» Dataset extract
-=-=-=-=-
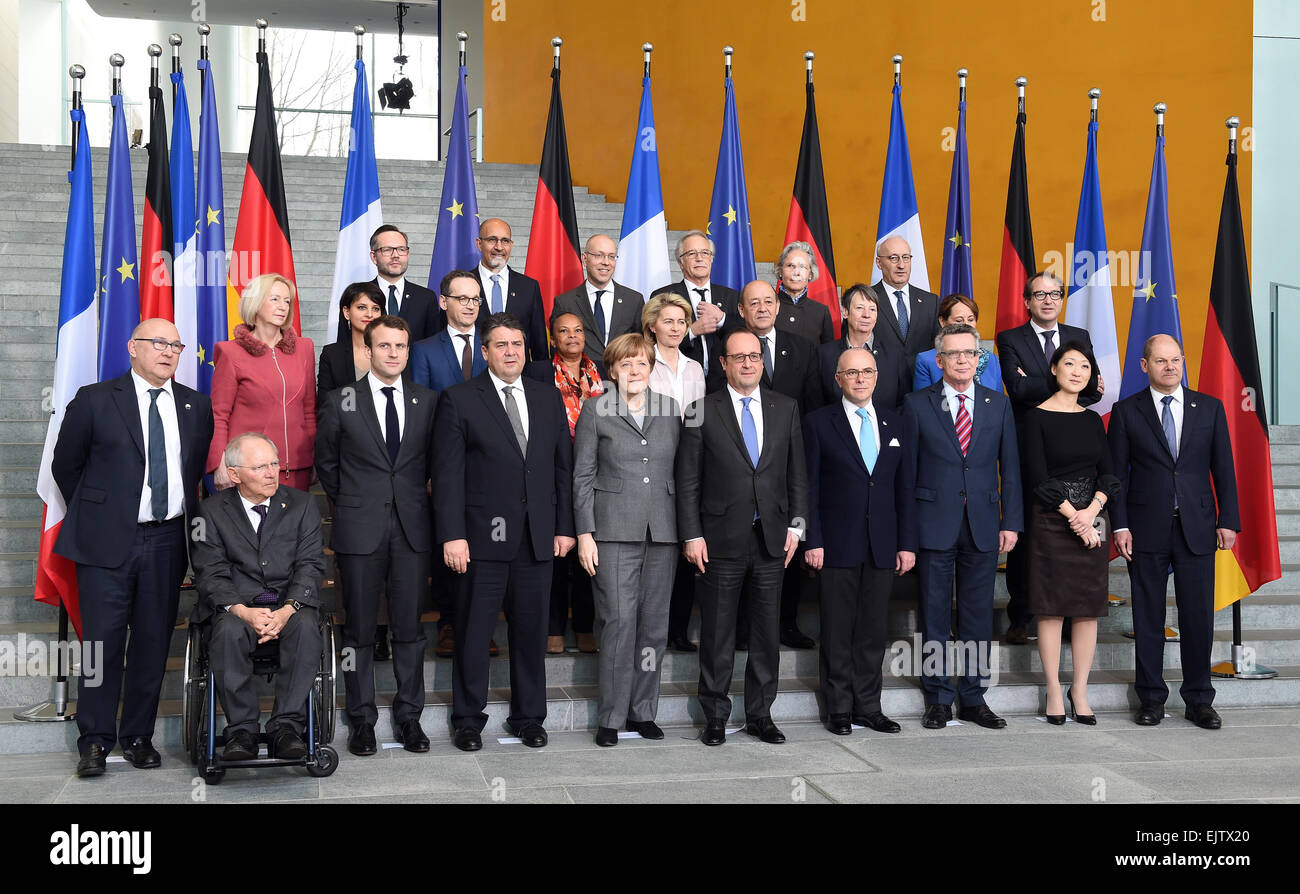 La chancelière allemande Angela Merkel (C-R) et le président français François Hollande (C-L) se tenir ensemble lors d'une photo de groupe pour le 17e conseil des ministres franco-allemand avec des membres des deux gouvernements à la chancellerie à Berlin, Allemagne, 31 mars 2015. Parmi eux se trouvent, première rangée (L-R) : le ministre français des Finances, Michel Sapin, le ministre allemand des Finances, Wolfgang Schaeuble, la ministre française de l'Economie Emmanuel Macron, Ministre fédéral de l'économie et de l'énergie Sigmar Gabriel, le Président français François Hollande, la chancelière allemande Angela Merkel, le ministre français de l'intérieur Bernard Cazeneuve, Allemand Interi Banque D'Images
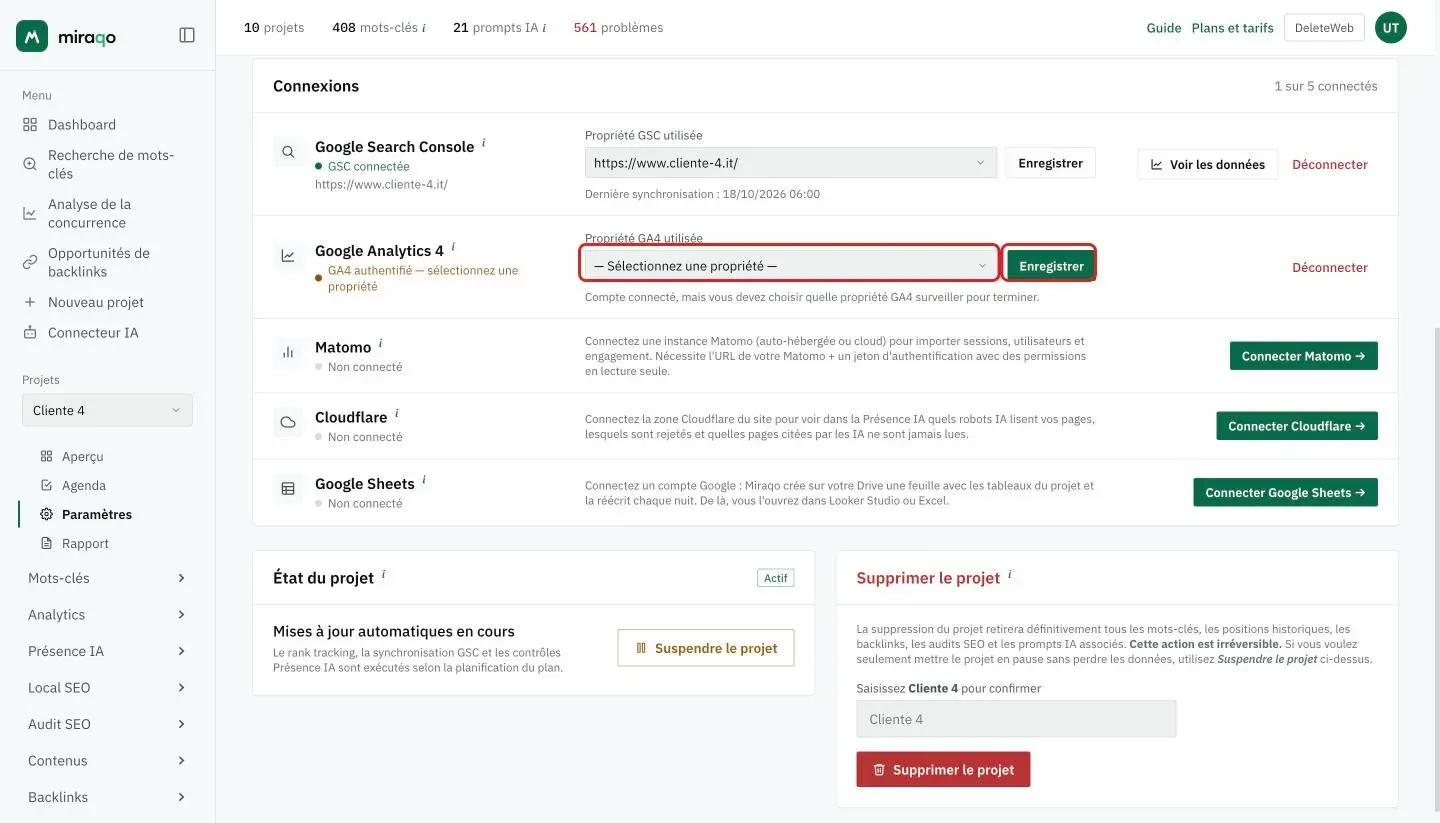 Les lignes Google Analytics 4 et Matomo de la carte Connexions après l’authentification, en attente du choix : le menu Propriété GA4 utilisée avec le bouton Enregistrer mis en valeur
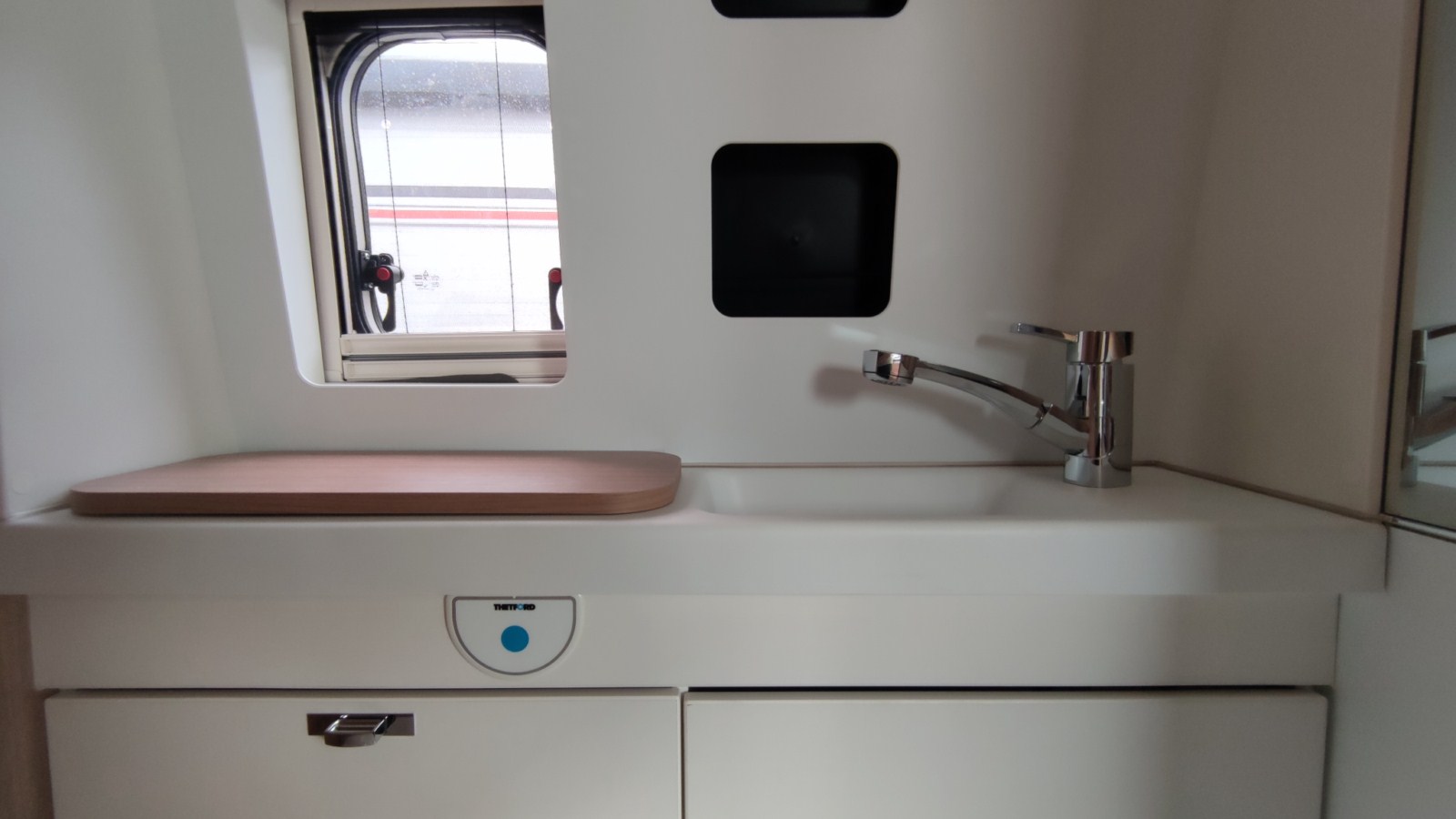 CAMPER WEINSBERG CARABUS 600 MQ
-=-=-=-=-
» What needs to be done
Please write out, word for word, each line from the one with "Les lignes Google" to the last line of the data, keeping both ends and omitting pictures.

» Exercise response
 Les lignes Google Analytics 4 et Matomo de la carte Connexions après l’authentification, en attente du choix : le menu Propriété GA4 utilisée avec le bouton Enregistrer mis en valeur
 CAMPER WEINSBERG CARABUS 600 MQ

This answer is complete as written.